Re: Italian Language
User: nsh
Date: 8/1/2007 11:11 am
Views: 373
Rating: 30

Hm, what version are you using exactly? I prefer latest one from nightly build or from svn checkout.

Where did you get that, it's not a part of archive. Actually model testing is not so easy right now partially because of unsufficient data partially because there is no language model yet since we have no text collection.

It's possible to test acoustic model with finite state grammar actually but it's much better to build language model first.


Re: Italian Language
User: nsh
Date: 8/1/2007 11:58 am
Views: 413
Rating: 29

Btw, I've found a site where you can download texts:

Re: Italian Language
User: nsh
Date: 8/2/2007 4:09 pm
Views: 373
Rating: 31

Well, I've updated scripts with a language model and updated prompts for full phoneset. Now you can test recognition, it even has non-zero WER but of course quality is _very_ poor.

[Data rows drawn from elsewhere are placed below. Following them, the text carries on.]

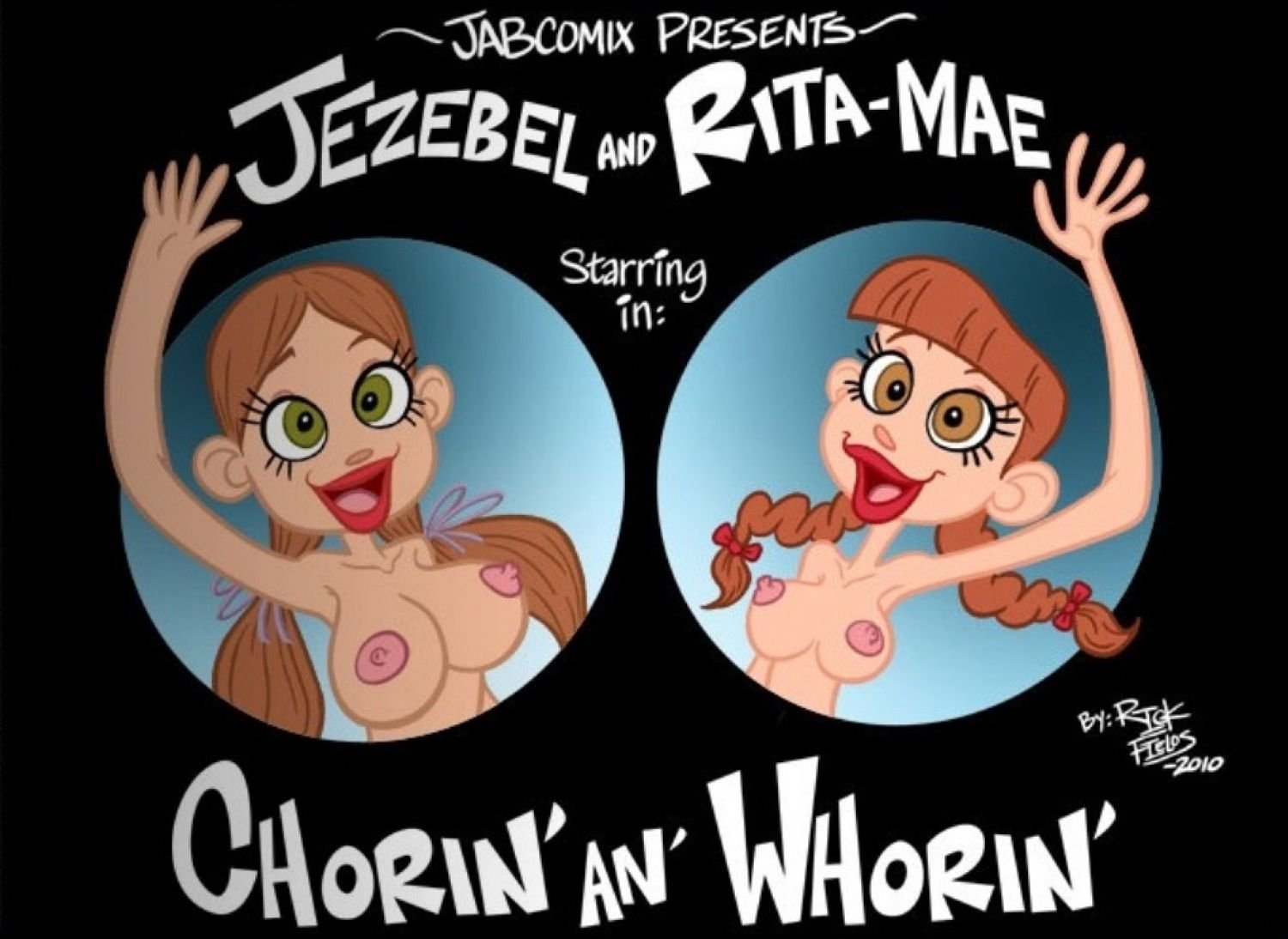 Chorin’ An’ Whorin’ [JABComix] 1 . Chorin' An' Whorin'  - Chapter 1 [JABComix] – page 1
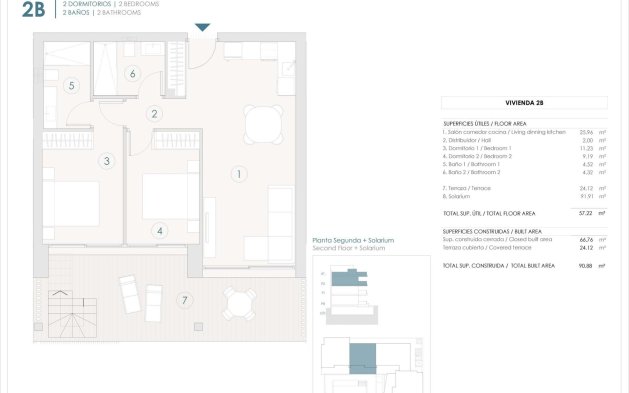 Obra nueva - Ático - Benijofar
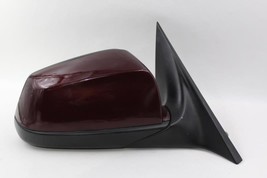Right Passenger Side Red Door Mirror Power Heated Fits 2010 BMW 535i OEM #230... - £211.08 GBP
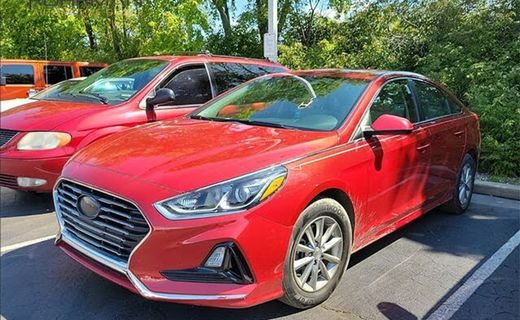 2018 Hyundai Sonata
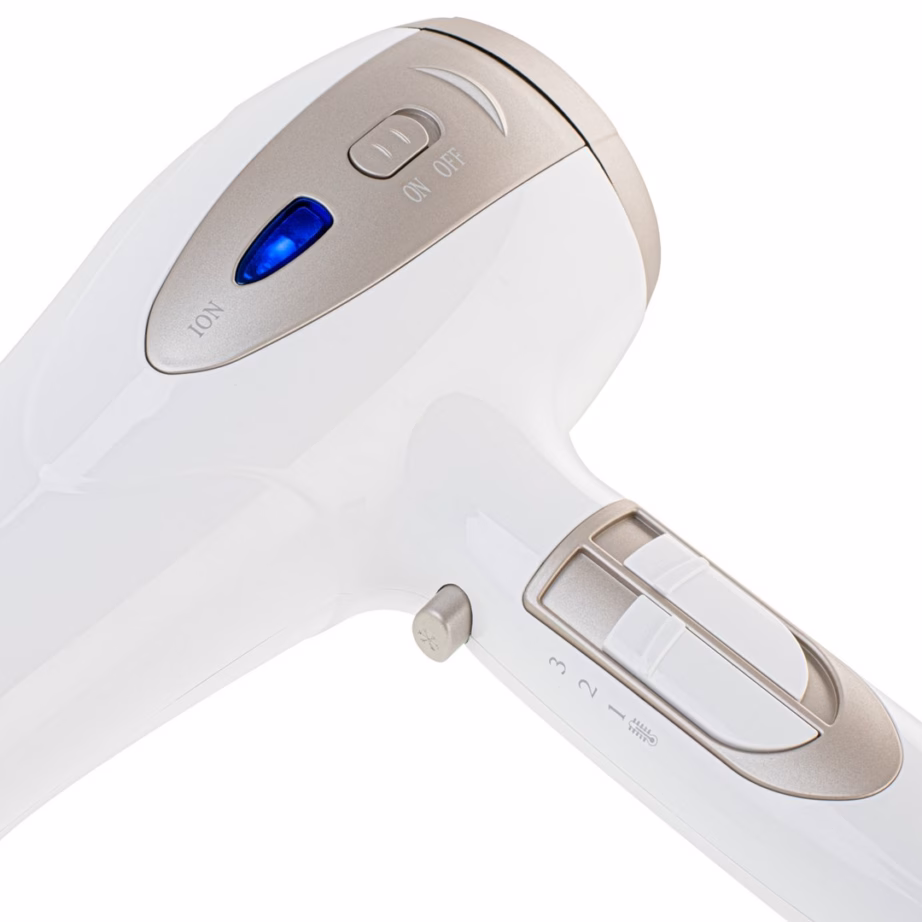 Föön Adler AD 2248WC, 2400 W, ioonfunktsioon, difuuser ja suunamisotsik - 6
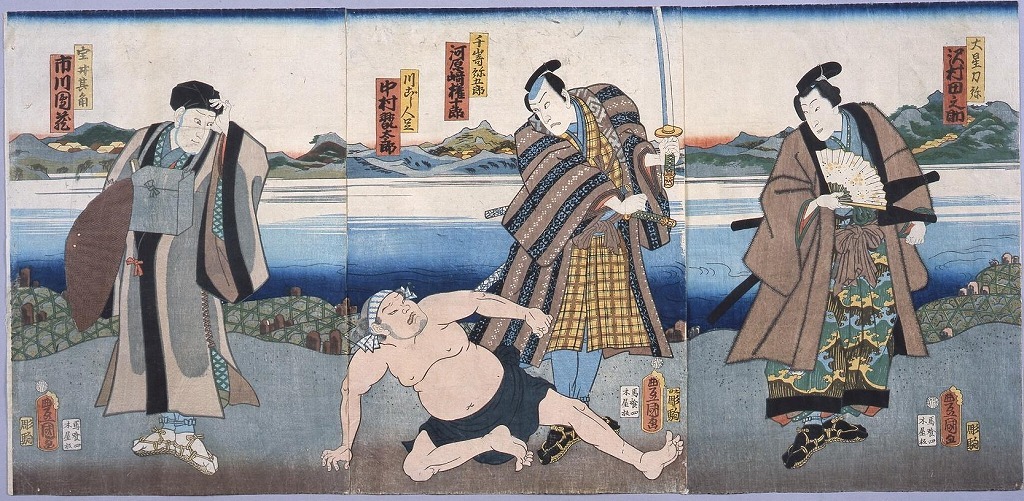 作品画像:東駅いろは日記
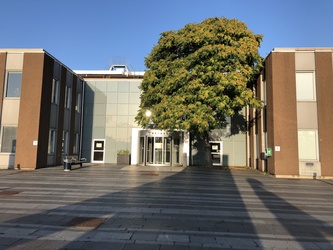 Ballerup Rådhus - Borgerstrøg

New files are available at:

Probably there is sense to commit them to voxforge and start audio update. We can create the similar bootstrap structure for spanish, french, welsh, dutch, polish and czech btw. 

Re: Italian Language
User: kmaclean
Date: 8/3/2007 4:22 pm
Views: 431
Rating: 30

hi nsh,

thanks, this is great!

I will look at how we should set up the infrastructure for Italian and the other languages when I get back from vacation (around Aug 11).


Re: Italian Language
User: kmaclean
Date: 8/15/2007 8:10 pm
Views: 576
Rating: 28

Hi nsh,

I've created a dev site for Italian at:

I've also uploaded the Sphinx Acoustic Model creation scripts to the svn trunk for this repository.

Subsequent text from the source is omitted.